Cognitive Embeddings Search
Introduction
Cognitive Embeddings Search (CES) improves recall for zero and low result searches, using a vector-based search algorithm to extrapolate and cluster the relationship between products that do not share traditional product data.
At a high level, if we consider each item in a catalog as a “star,” we can then visualize a product catalog as a “sea of stars” formed by many, many items. From this line of thinking, a search query would be some arrow (the vector) inside this “sea of stars”. Thus, we can understand the relations between the “stars” better through clustering, and we can extrapolate which ones are the closest neighbors to a given search query, the arrow, through this representation.
When do we use Cognitive Embeddings Search?
No Results
At Constructor, we use Cognitive Embeddings Search to solve the common problem of zero and low result searches. A search for something like “healthy snacks” would generally result in zero results as it doesn’t match well with products in a traditional catalog since “healthy” is a very generic and abstract concept for a search engine. Cognitive Embeddings Search changes this through relational and contextual understanding between the search term “healthy snacks” and the result “no sugar added freeze-dried bananas” by training our Cognitive Embeddings model on product data, such as categories, product name, and text descriptions. Therefore, we can map out algorithmically the relations from “healthy snacks” to “healthy foods” to “healthy & organic dried banana chips” to finally “no sugar added freeze-dried bananas” and narrow down our understanding of a query by mapping a specific term to neighboring concepts. So inversely, if “no sugar added freeze-dried bananas” are not available in a product catalog, we can return other healthy snacks, like “organic dried banana chips” instead.
Low Results
Cognitive Embeddings Search also augments our existing search when the engine returns less than 10 products in the result set to promote additional product discoverability. These additional products returned by Cognitive Embeddings Search will be ranked alongside previous results by our ML ranking algorithm and can be differentiated in Interact within the Customer Dashboard.
Result Validation
You can always tell if a product is returned in the result set as a result of the Cognitive Embeddings algorithm in Interact through the Dashboard. There will be a star badge () in the top right corner of the product card if the product is returned from Cognitive Embeddings.
Analytics
Cognitive Embeddings Search analytics provide insights into what queries return Cognitive Embeddings Search results, whereas before the query would have resulted in zero or low results. Zero result analytics help merchandisers determine where to start stocking new products, place redirects, create synonyms, or perhaps introduce UI elements to help direct shopper queries. With the introduction of Cognitive Embeddings Search, zero results are greatly reduced, necessitating new analytic insights to quantify where these low result opportunities exist. Cognitive Embeddings Search analytics have been added to the opportunities analytics page in the timeline and table view below to show which queries result in Cognitive Embeddings Search results.

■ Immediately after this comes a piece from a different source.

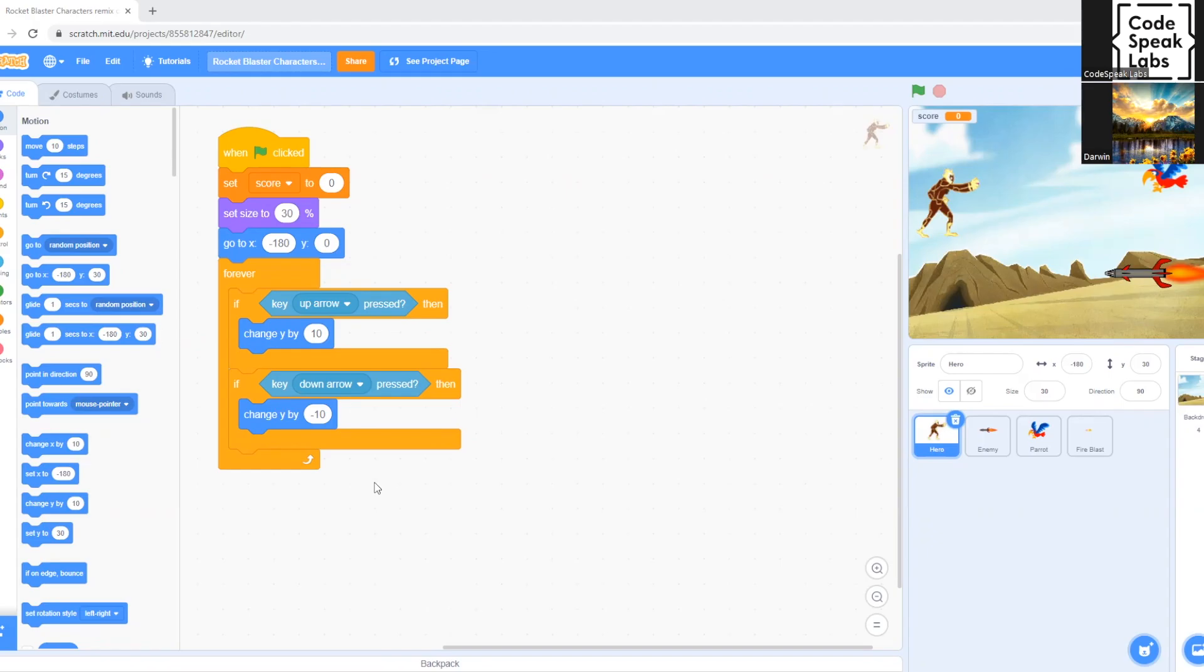All right, so now that we set up the movement for the character, we're going to set up the game over message when the enemy touches the hero.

The timeline view (below) allows merchandisers to toggle between Cognitive Embeddings Search Results and Zero Results (toggle on the top right of the chart) to view the number of low result queries per day.
Underneath the time series chart is a new Low Result tab replacing Zero Results (see image below). Merchandisers can toggle between Cognitive Embeddings Search Results and Zero Results to view and export tables displaying counts for top queries.

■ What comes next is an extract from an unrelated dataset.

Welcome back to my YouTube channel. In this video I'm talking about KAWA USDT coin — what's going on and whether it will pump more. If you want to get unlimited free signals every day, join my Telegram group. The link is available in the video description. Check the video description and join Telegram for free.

Do zero results persist with Cognitive Embeddings Search turned on?
While Cognitive Embeddings Search greatly reduces zero results, it is still possible for queries to return zero results. Zero results with Cognitive Embeddings Search turned on, often indicate that complex filters have been layered onto the query, for example searching for a coat at a specific store location or items that match a query are out of stock. With Cognitive Embeddings Search turned on, we recommend watching both sets of top queries.